Anyway, there are actually strong public policy reasons to consider returning the US to a 28 year/28 year extension copyright system. Evidence has shown a massive cost to the public of our over extended copyright law — and the constitutional underpinnings of copyright law are that it must benefit the public (not, necessarily, the copyright holder). On top of that, back when we did have a 28/28 copyright system (which we had until 1978), the vast, vast majority of copyright holders did not renew their copyrights at the 28 year mark. The one exception, by the way, was movies (which, hold that thought…).
So, there are perfectly good, principled policy reasons to push for shorter copyright. Indeed, there are economic studies that have suggested the ideal copyright term for public benefit is somewhere around 15 to 38 years. And, it seems that a perfectly reasonable way to set this up is to have extremely short copyright terms, with frequent renewal periods that grow increasingly expensive. If it’s not worth it for someone to renew, let the work go into the public domain where the public can make use of it.

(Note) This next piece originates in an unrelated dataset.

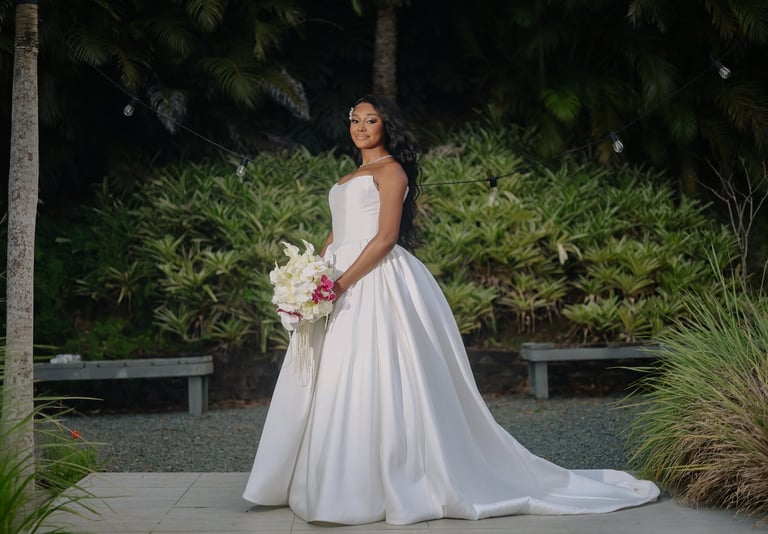 Bride in white sleeveless wedding gown with flowing train holding bouquet in tropical garden setting at night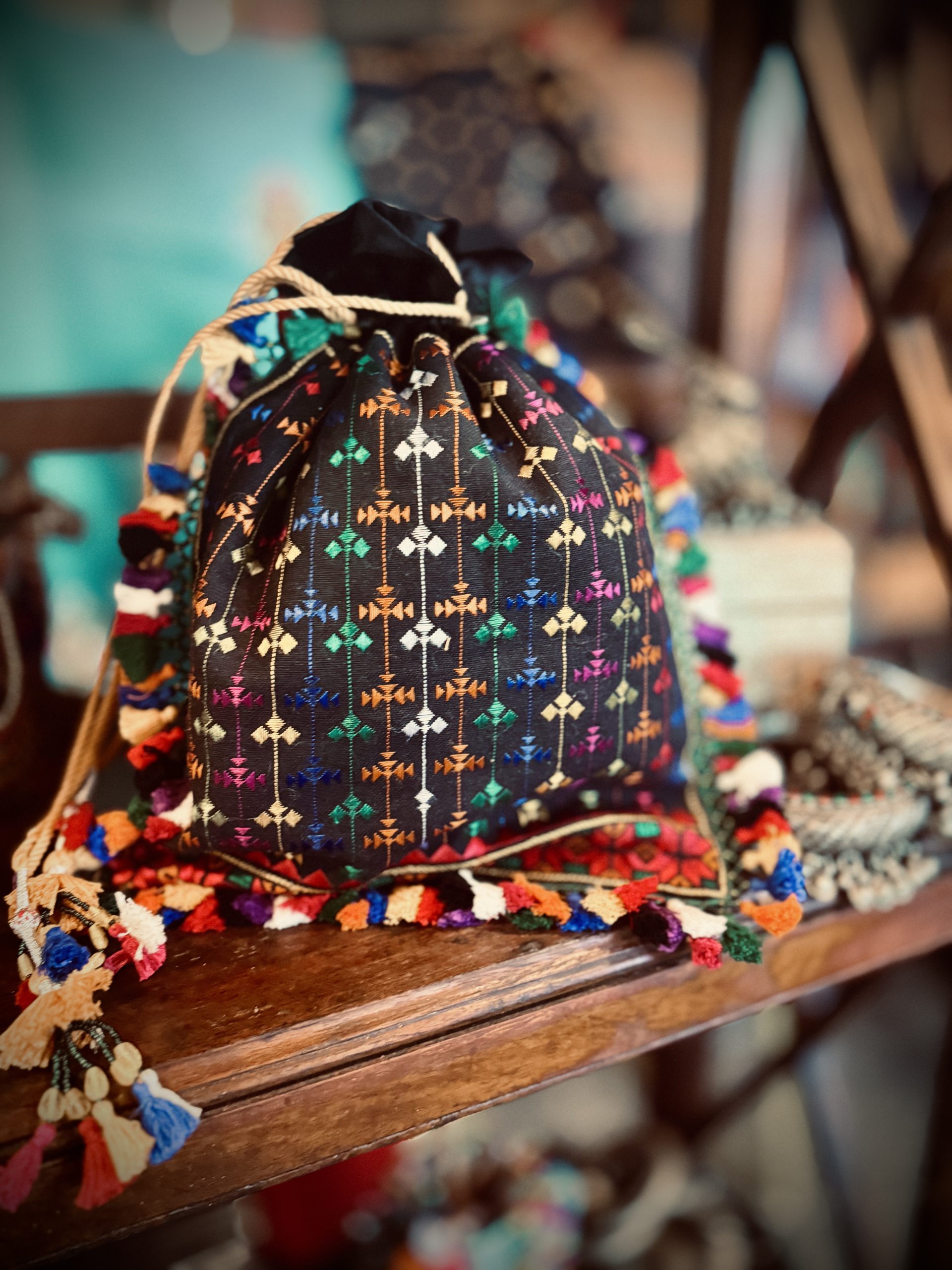Two-sided black suede potli with multicolored hand embroidery and tassels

Of course, there are a few problems with jumping into this approach, with a big one being that in order to do this, the US would have to immediately violate a decently large number of international treaties. However, that’s long been the excuse of those looking to extend copyrights ever longer, or pushing ever more draconian copyright laws on the rest of us. They go running to international trade negotiations and slip in something awful, and then run back to Congress, demanding that we make copyright worse to meet our “international obligations.” After all, the architect of the DMCA, Bruce Lehman, has publicly admitted that this is how he got the DMCA into law. After Congress refused to pass it, he ran to Geneva, and got an international treaty passed, then went back to Congress insisting it had to enact the DMCA to comply with our “international obligations.”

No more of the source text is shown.